▶ [ABOUT THIS TASK]: Every entry is to be restated exactly; pictures are not part of the copy.

▶ [RECORDS SHOWN]:
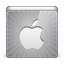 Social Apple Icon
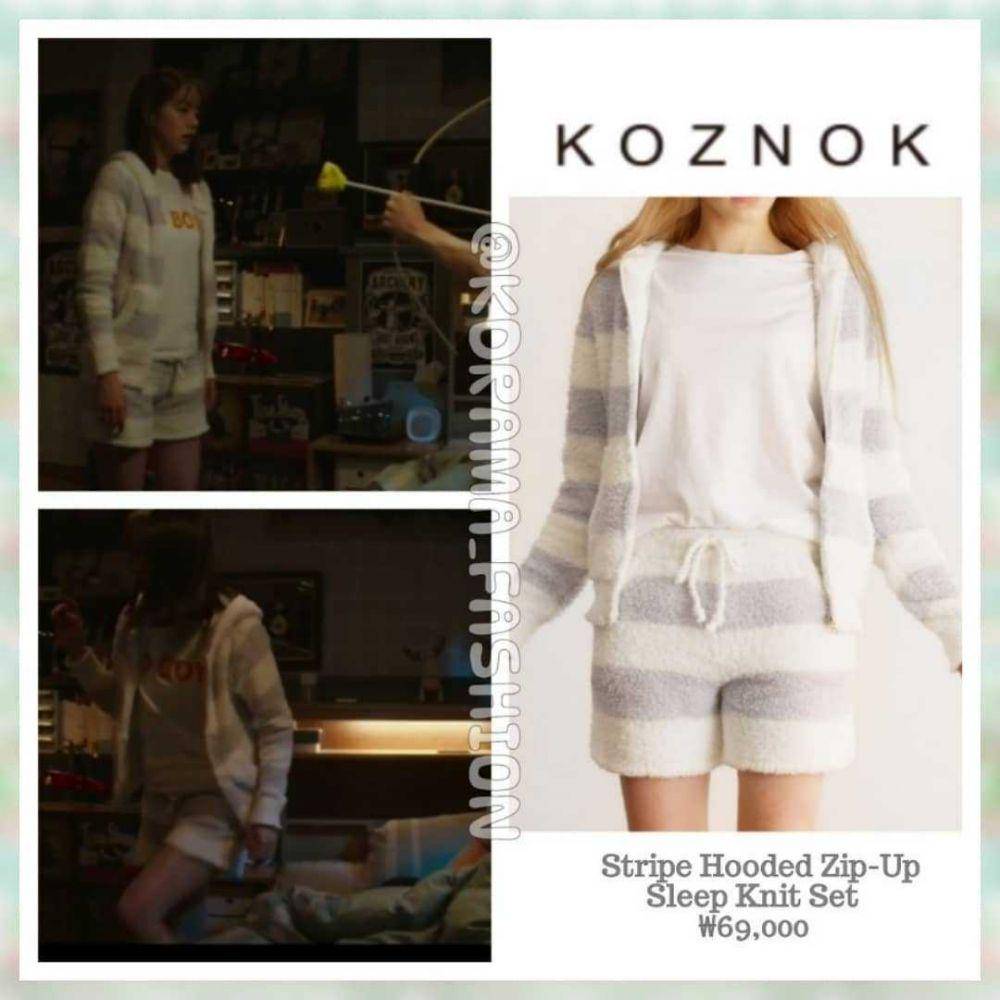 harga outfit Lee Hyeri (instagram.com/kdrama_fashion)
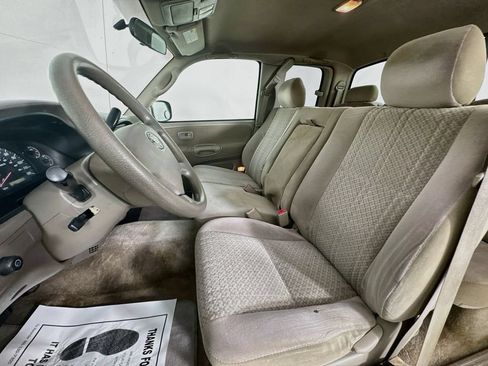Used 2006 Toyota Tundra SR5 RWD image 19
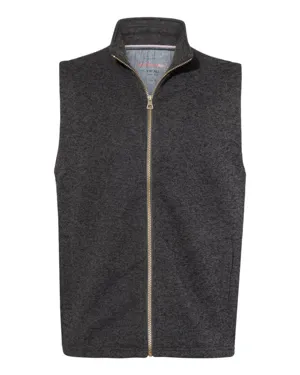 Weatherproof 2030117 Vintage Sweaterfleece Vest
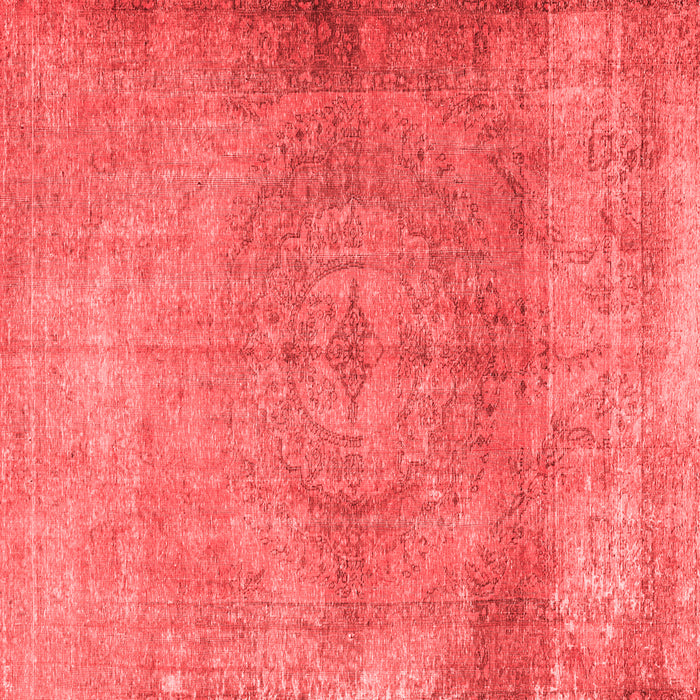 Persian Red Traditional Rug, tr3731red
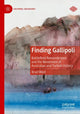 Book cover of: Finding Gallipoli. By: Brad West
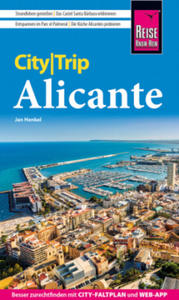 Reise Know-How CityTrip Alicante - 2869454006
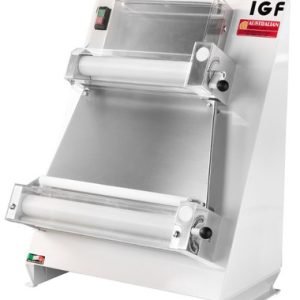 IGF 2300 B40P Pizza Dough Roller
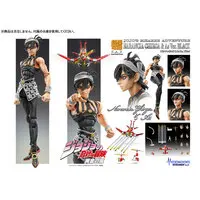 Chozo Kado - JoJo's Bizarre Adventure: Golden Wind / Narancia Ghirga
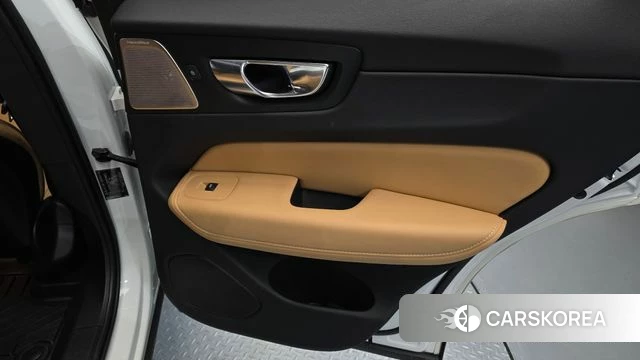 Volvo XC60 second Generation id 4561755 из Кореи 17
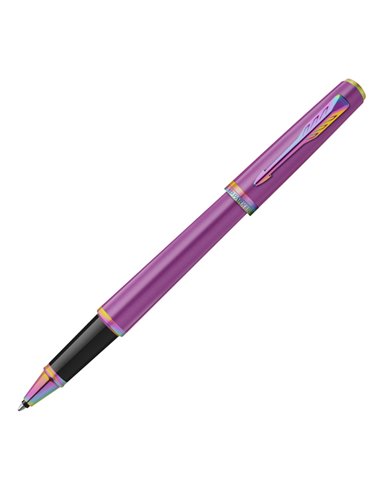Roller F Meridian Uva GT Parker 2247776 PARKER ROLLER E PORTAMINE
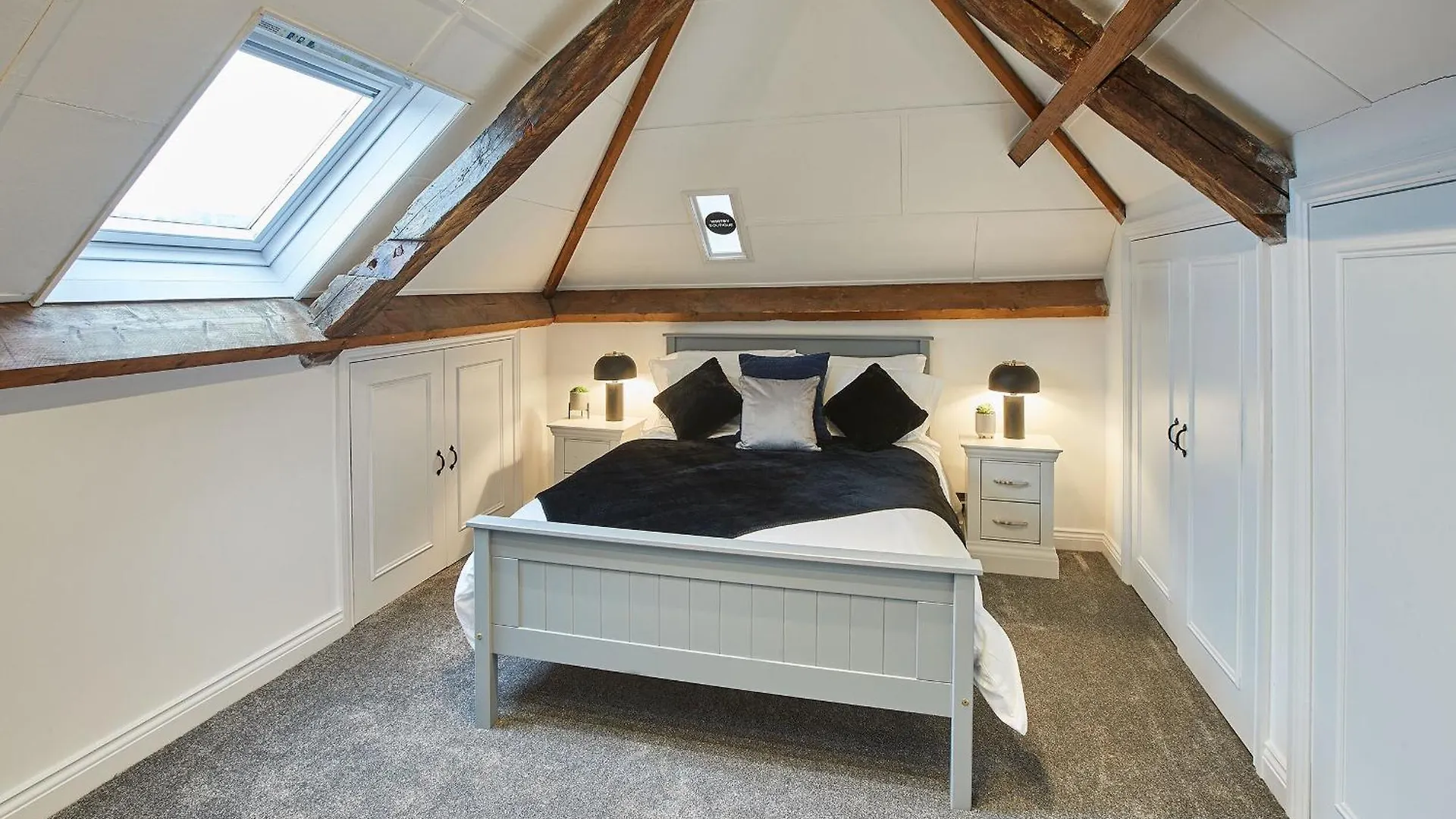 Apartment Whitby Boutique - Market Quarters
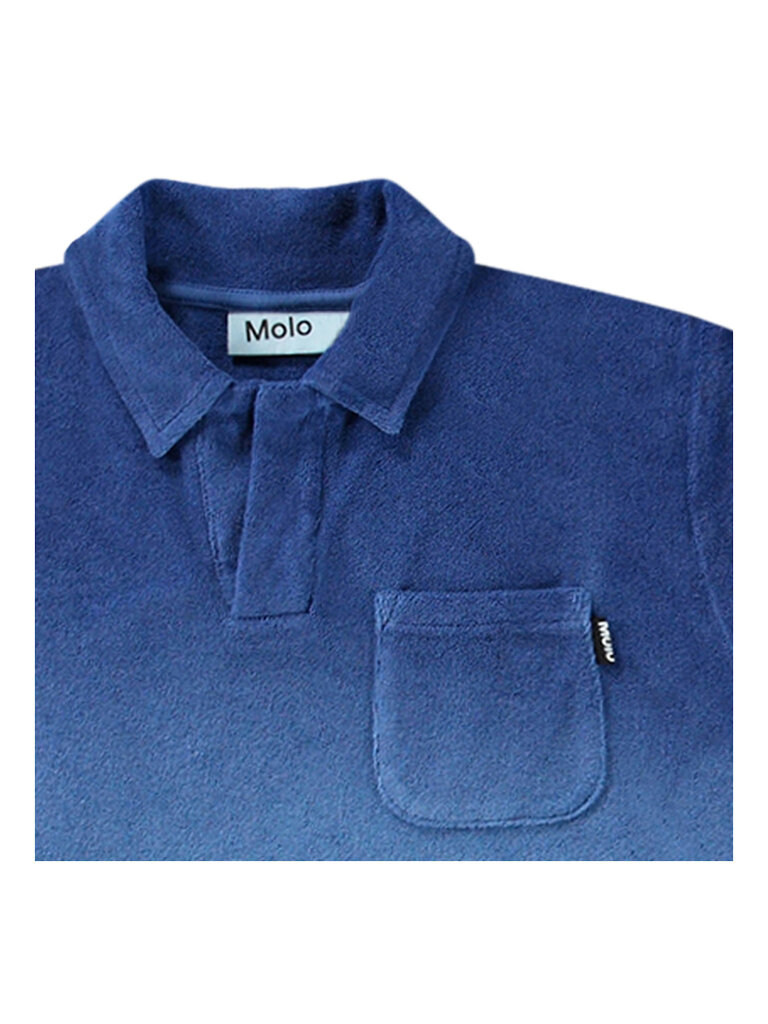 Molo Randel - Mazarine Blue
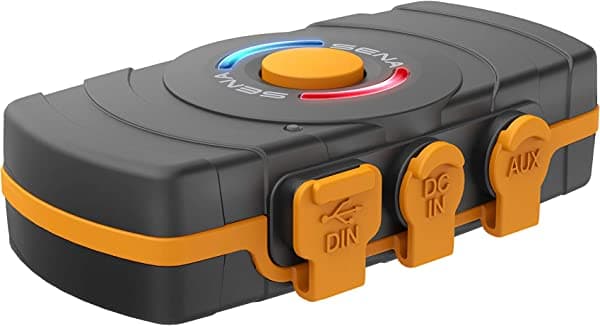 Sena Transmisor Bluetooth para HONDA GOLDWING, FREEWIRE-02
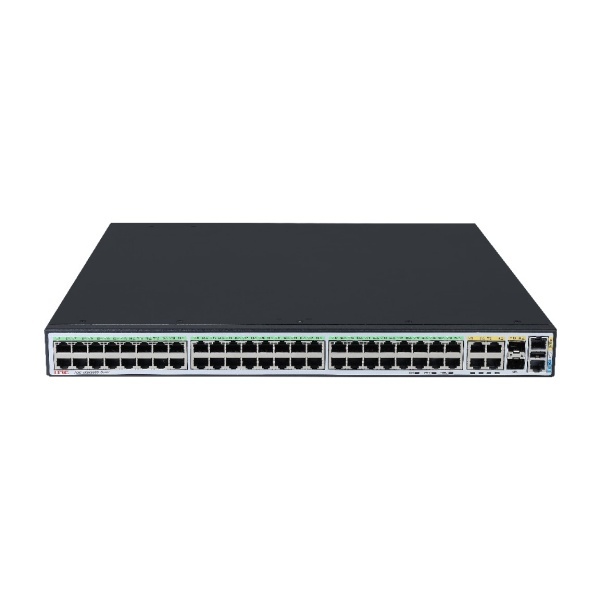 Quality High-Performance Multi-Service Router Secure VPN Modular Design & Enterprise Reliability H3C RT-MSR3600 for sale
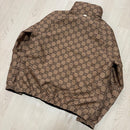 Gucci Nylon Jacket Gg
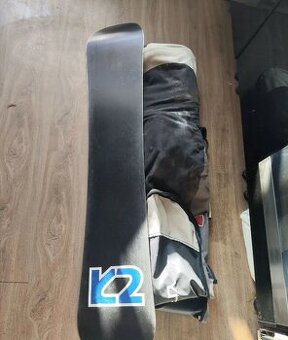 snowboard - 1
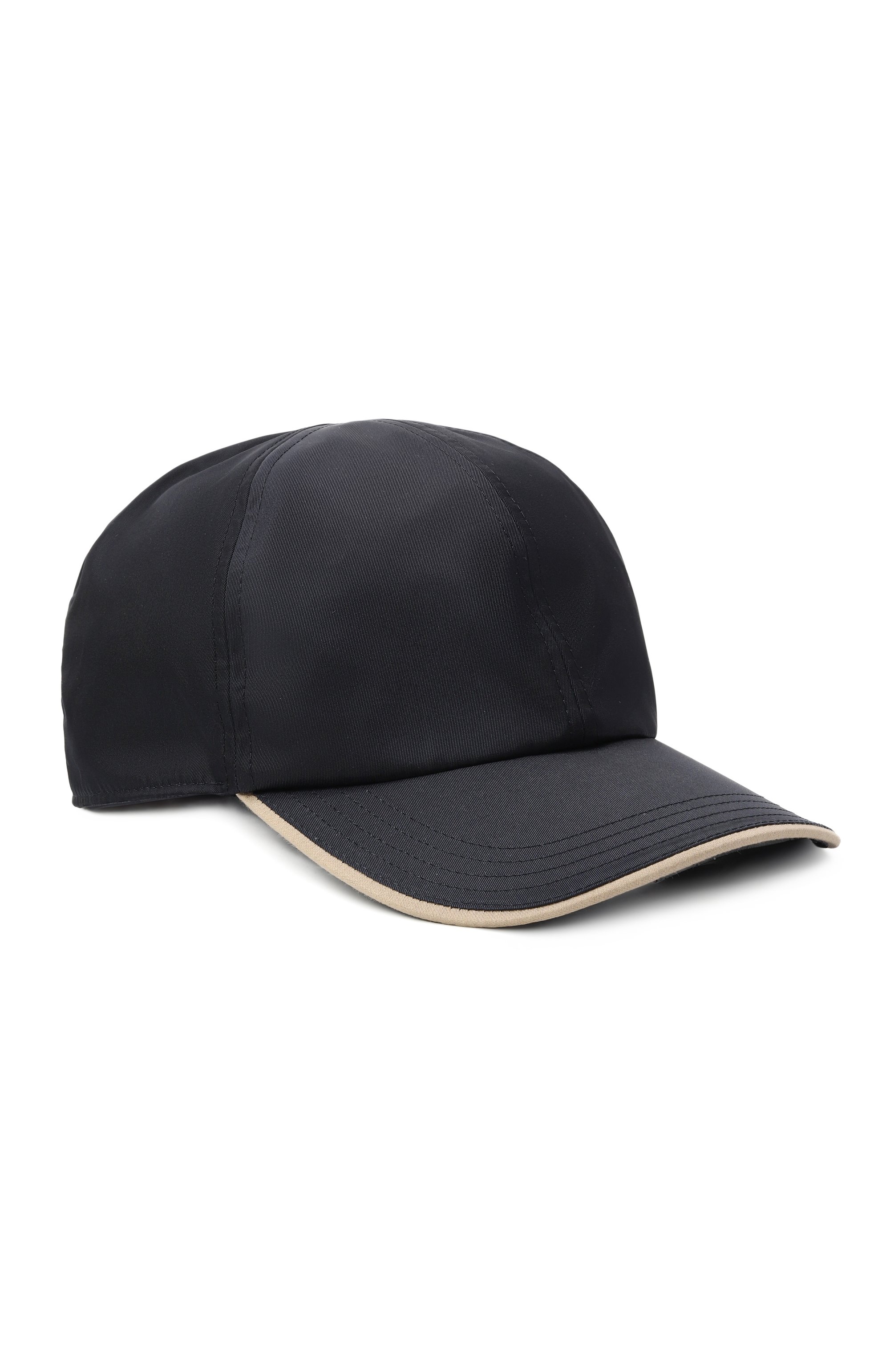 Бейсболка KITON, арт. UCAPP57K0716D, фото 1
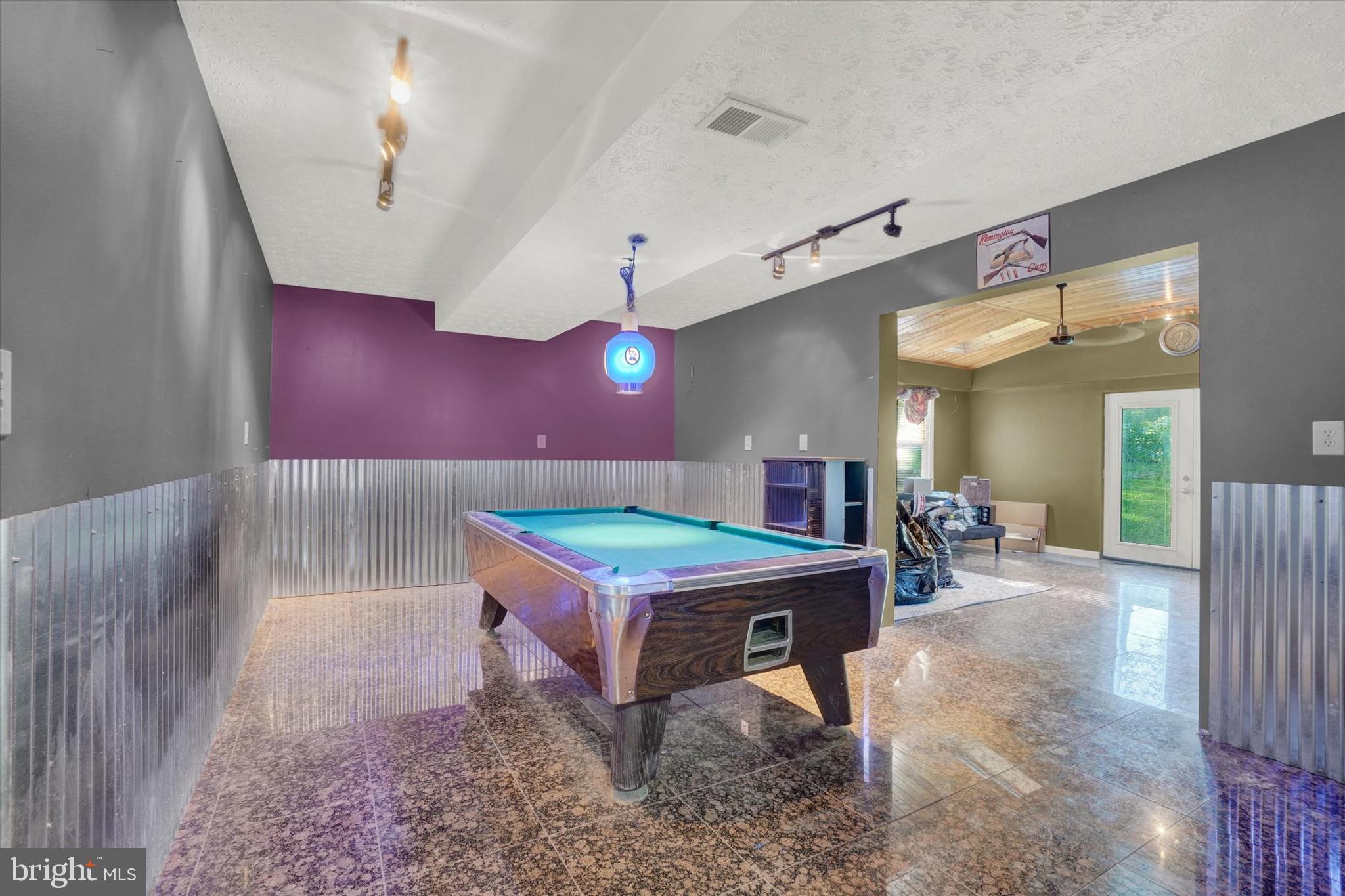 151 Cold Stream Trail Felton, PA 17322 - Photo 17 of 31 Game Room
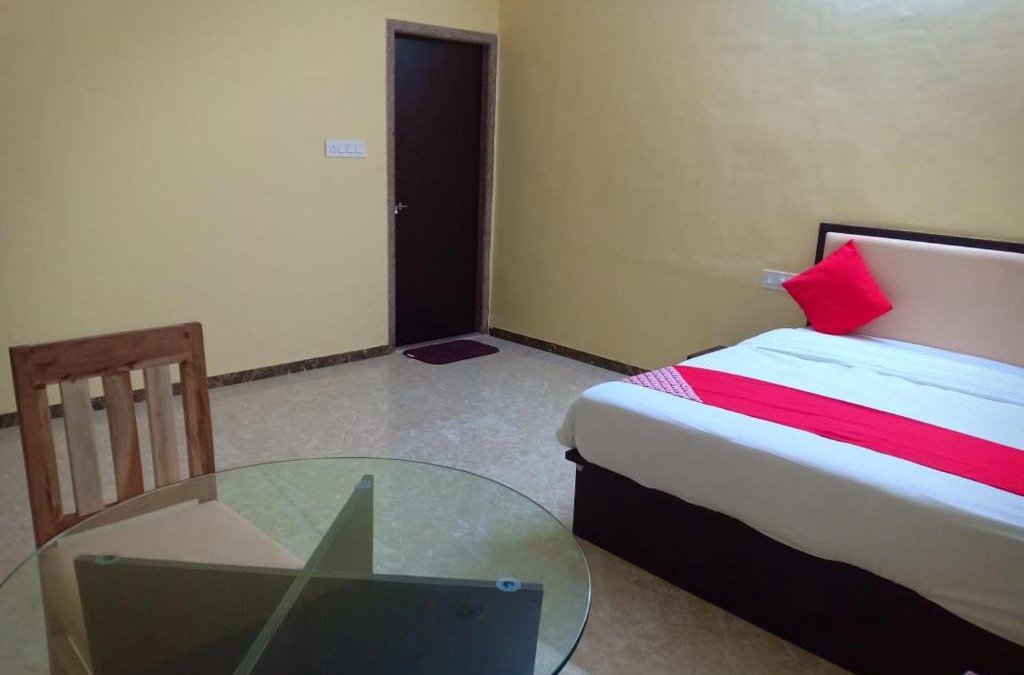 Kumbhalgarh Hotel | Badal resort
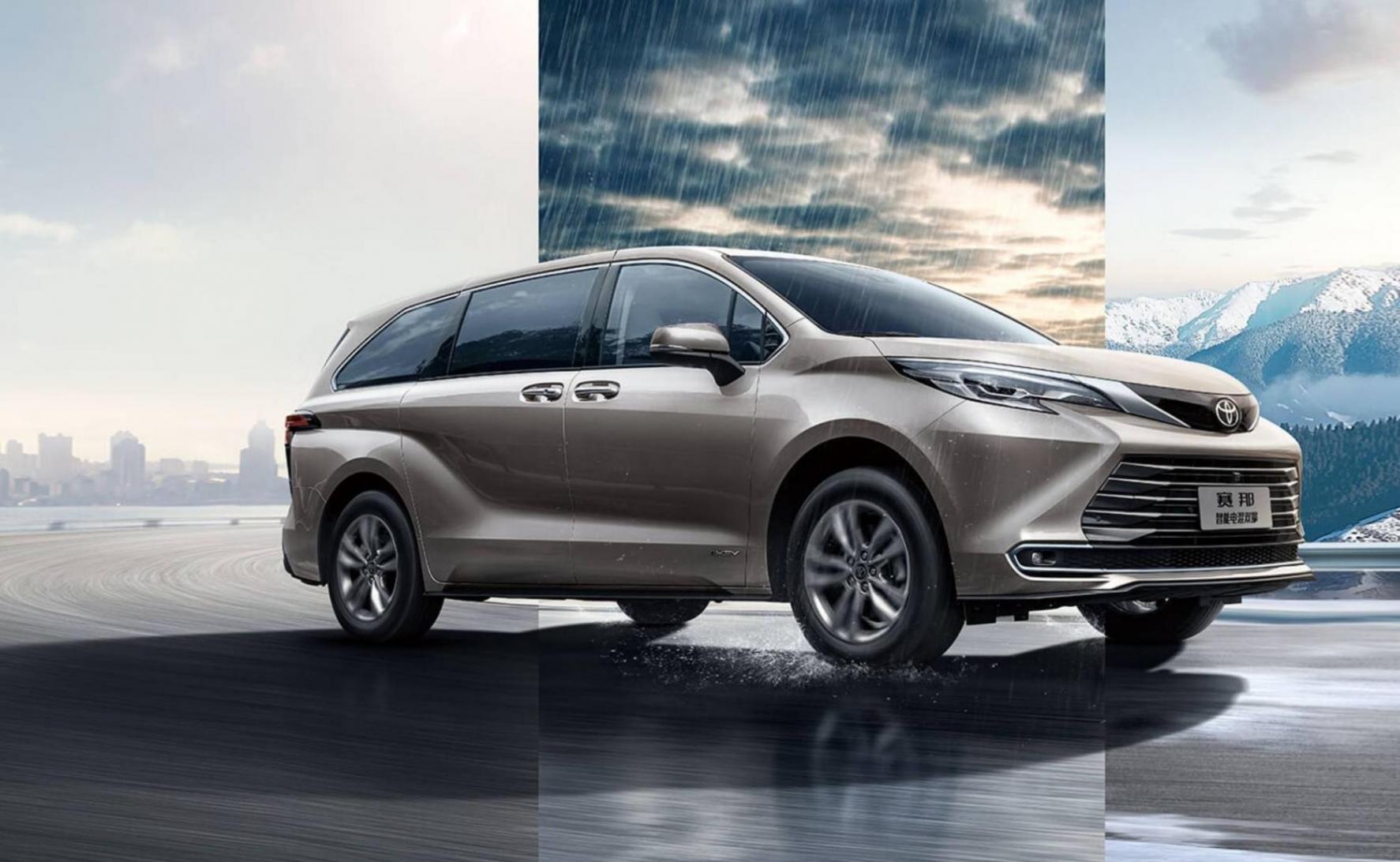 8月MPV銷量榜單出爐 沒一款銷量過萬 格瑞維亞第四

▶ [TASK RESULT]:
 Social Apple Icon
 harga outfit Lee Hyeri (instagram.com/kdrama_fashion)
Used 2006 Toyota Tundra SR5 RWD image 19
 Weatherproof 2030117 Vintage Sweaterfleece Vest
 Persian Red Traditional Rug, tr3731red
 Book cover of: Finding Gallipoli. By: Brad West
 Reise Know-How CityTrip Alicante - 2869454006
 IGF 2300 B40P Pizza Dough Roller
 Chozo Kado - JoJo's Bizarre Adventure: Golden Wind / Narancia Ghirga
 Volvo XC60 second Generation id 4561755 из Кореи 17
Roller F Meridian Uva GT Parker 2247776 PARKER ROLLER E PORTAMINE
 Apartment Whitby Boutique - Market Quarters
 Molo Randel - Mazarine Blue
 Sena Transmisor Bluetooth para HONDA GOLDWING, FREEWIRE-02
 Quality High-Performance Multi-Service Router Secure VPN Modular Design & Enterprise Reliability H3C RT-MSR3600 for sale
 Gucci Nylon Jacket Gg
 snowboard - 1
 Бейсболка KITON, арт. UCAPP57K0716D, фото 1
 151 Cold Stream Trail Felton, PA 17322 - Photo 17 of 31 Game Room
 Kumbhalgarh Hotel | Badal resort
 8月MPV銷量榜單出爐 沒一款銷量過萬 格瑞維亞第四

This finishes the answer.